Dataset content
----------------------------------------
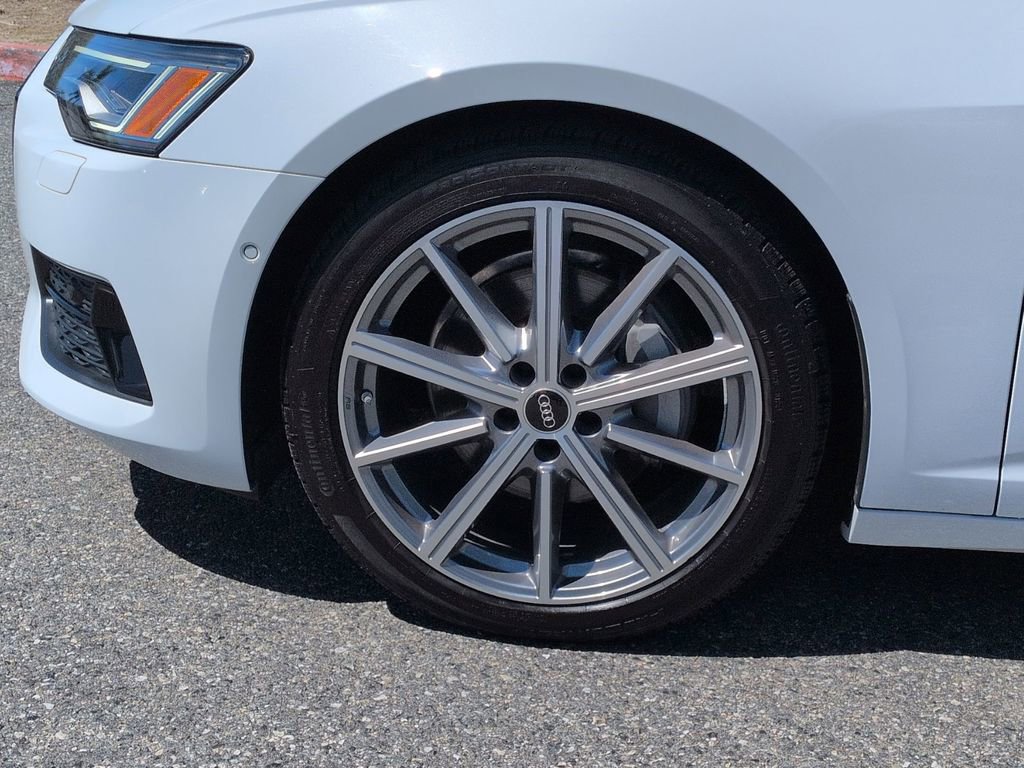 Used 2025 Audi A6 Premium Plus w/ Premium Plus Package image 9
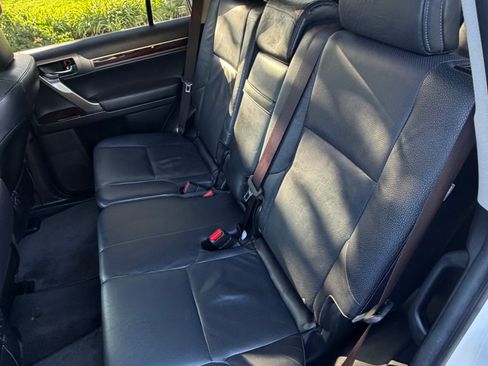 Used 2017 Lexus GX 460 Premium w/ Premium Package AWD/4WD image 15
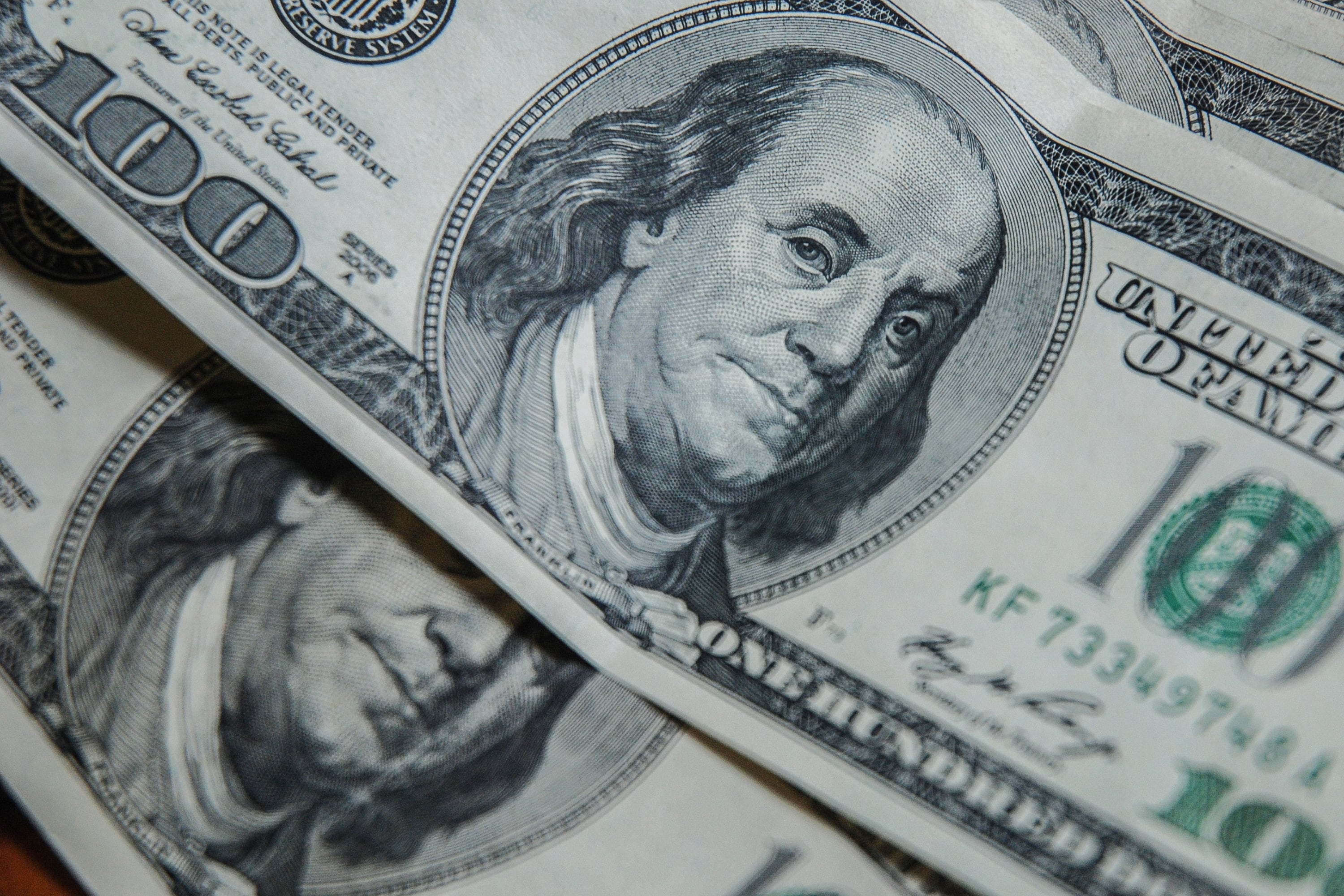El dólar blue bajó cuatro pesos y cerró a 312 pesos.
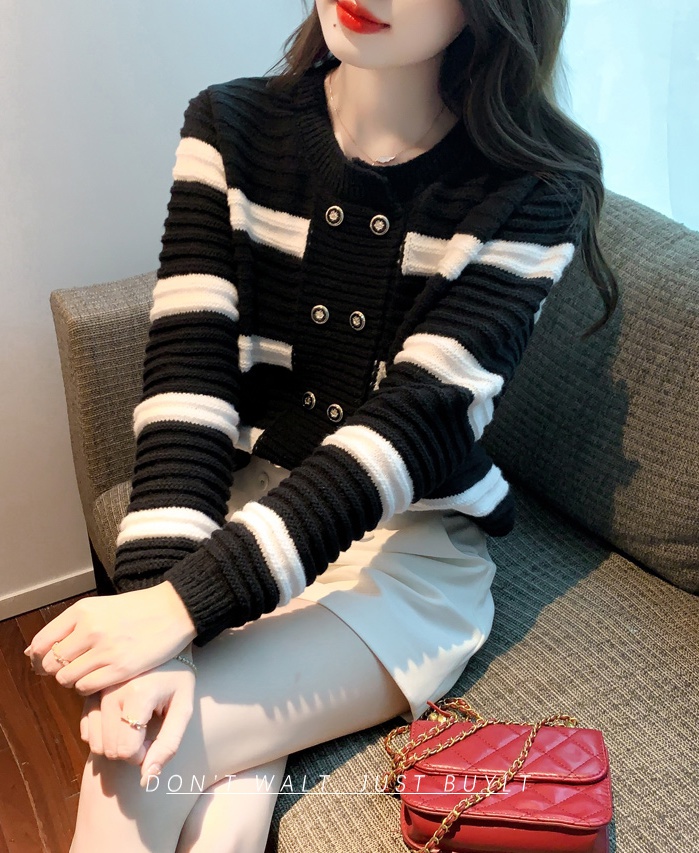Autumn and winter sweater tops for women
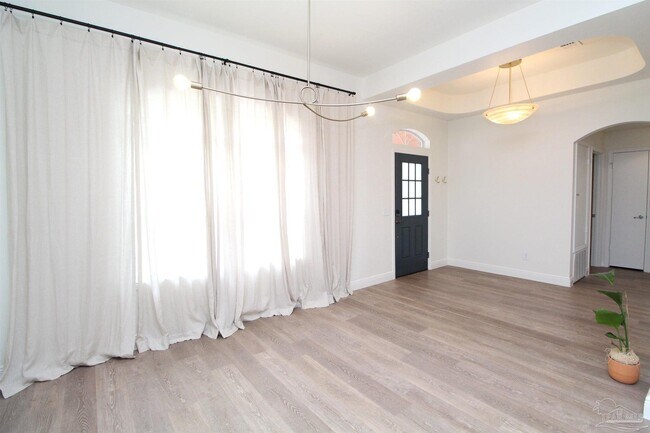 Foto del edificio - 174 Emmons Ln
----------------------------------------
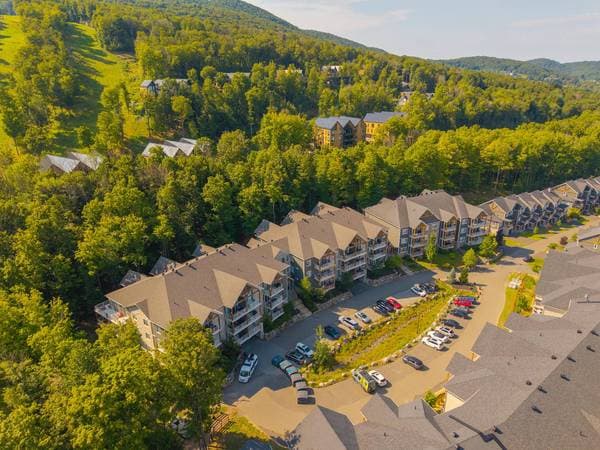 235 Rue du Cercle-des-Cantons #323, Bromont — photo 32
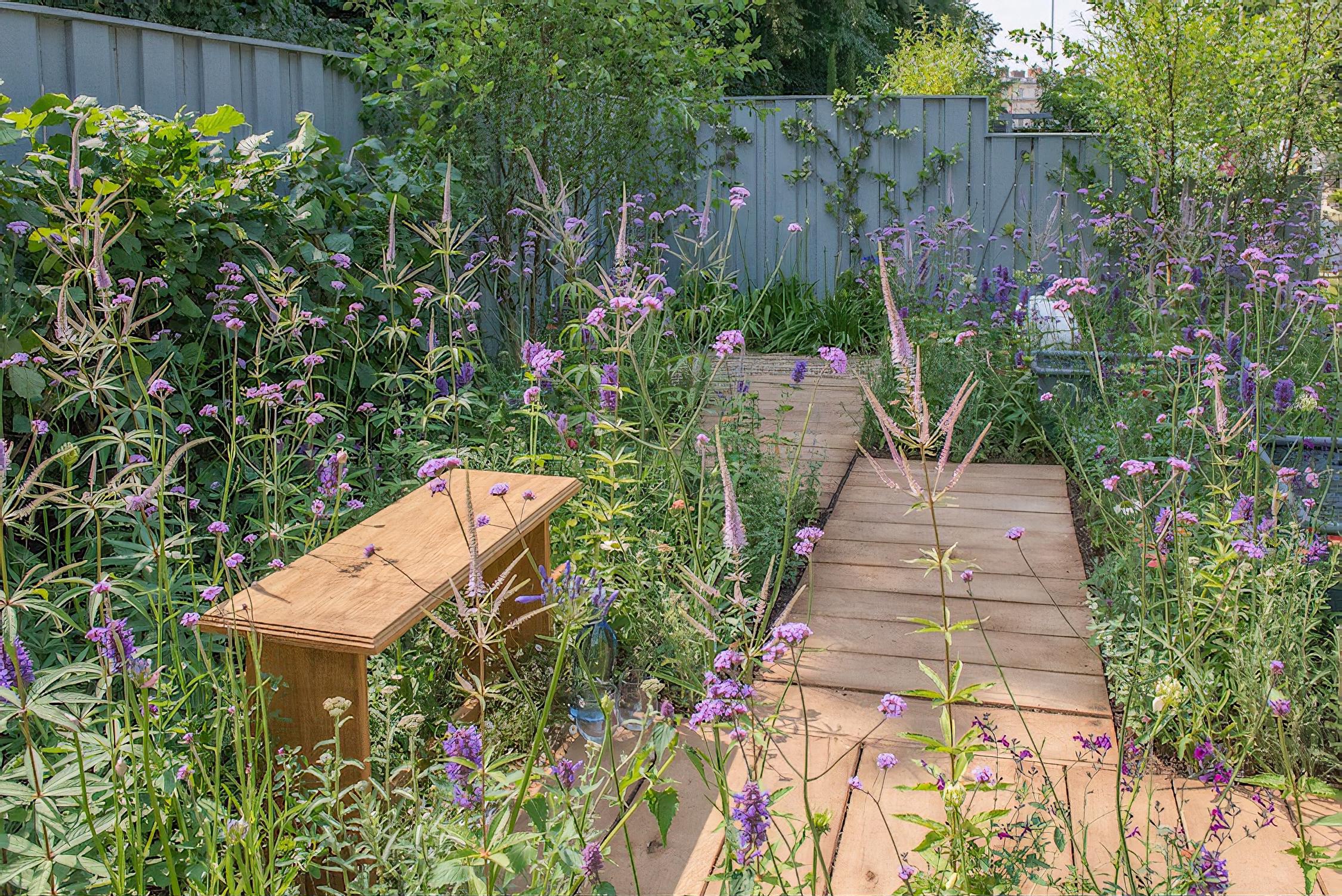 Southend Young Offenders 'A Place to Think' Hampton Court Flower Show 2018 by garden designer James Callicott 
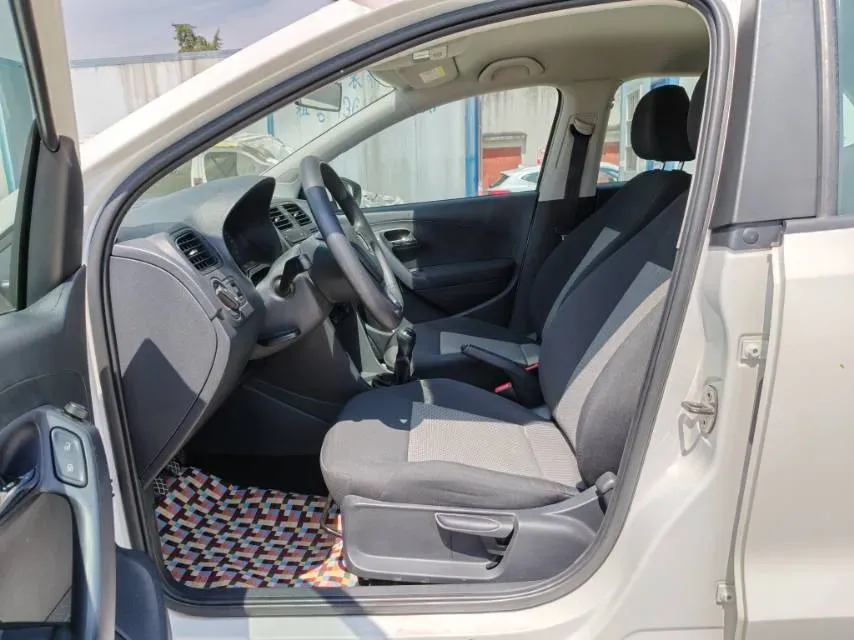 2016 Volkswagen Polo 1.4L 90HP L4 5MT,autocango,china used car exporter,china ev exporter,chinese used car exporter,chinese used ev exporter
----------------------------------------
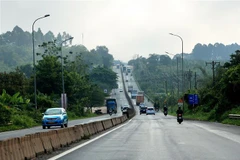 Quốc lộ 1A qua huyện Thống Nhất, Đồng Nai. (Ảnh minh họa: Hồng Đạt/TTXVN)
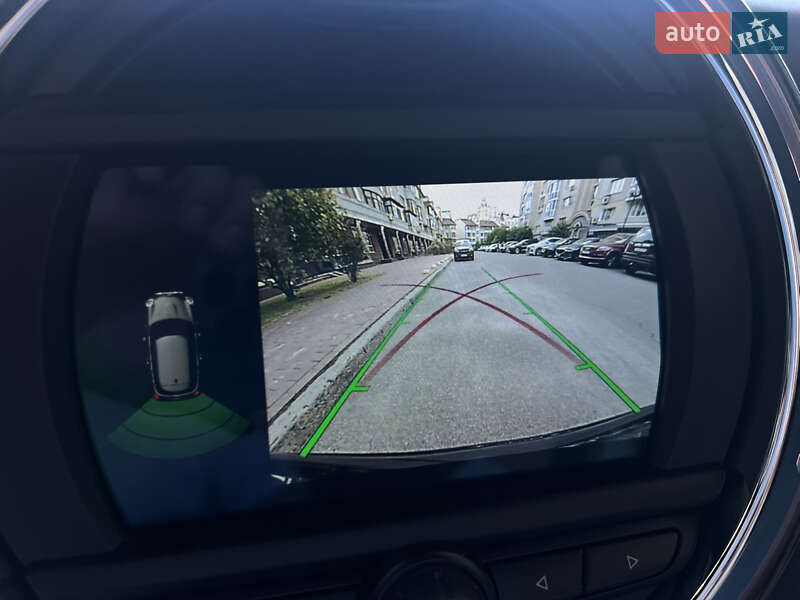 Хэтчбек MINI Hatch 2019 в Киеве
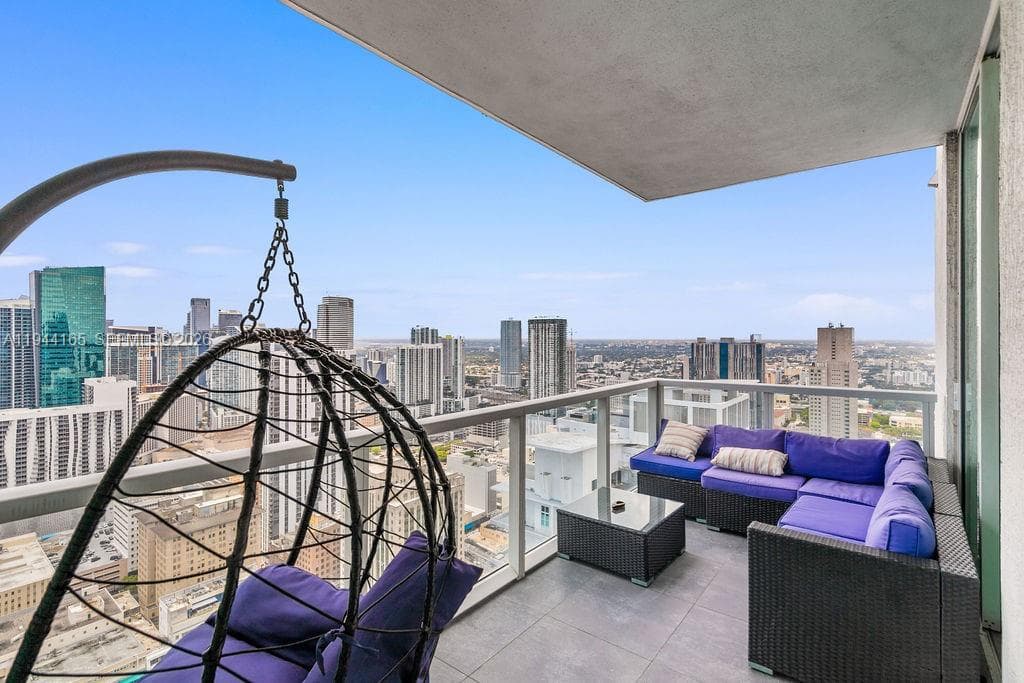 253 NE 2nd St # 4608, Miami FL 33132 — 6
----------------------------------------
Task description
The result should be an exact copy of only the lines above from the one that holds "Хэтчбек MINI Hatch 2019 в Киеве" through the one that holds "253 NE 2nd St # 4608, Miami FL 33132 — 6", both ends included, without pictures.

Result below
 Хэтчбек MINI Hatch 2019 в Киеве
 253 NE 2nd St # 4608, Miami FL 33132 — 6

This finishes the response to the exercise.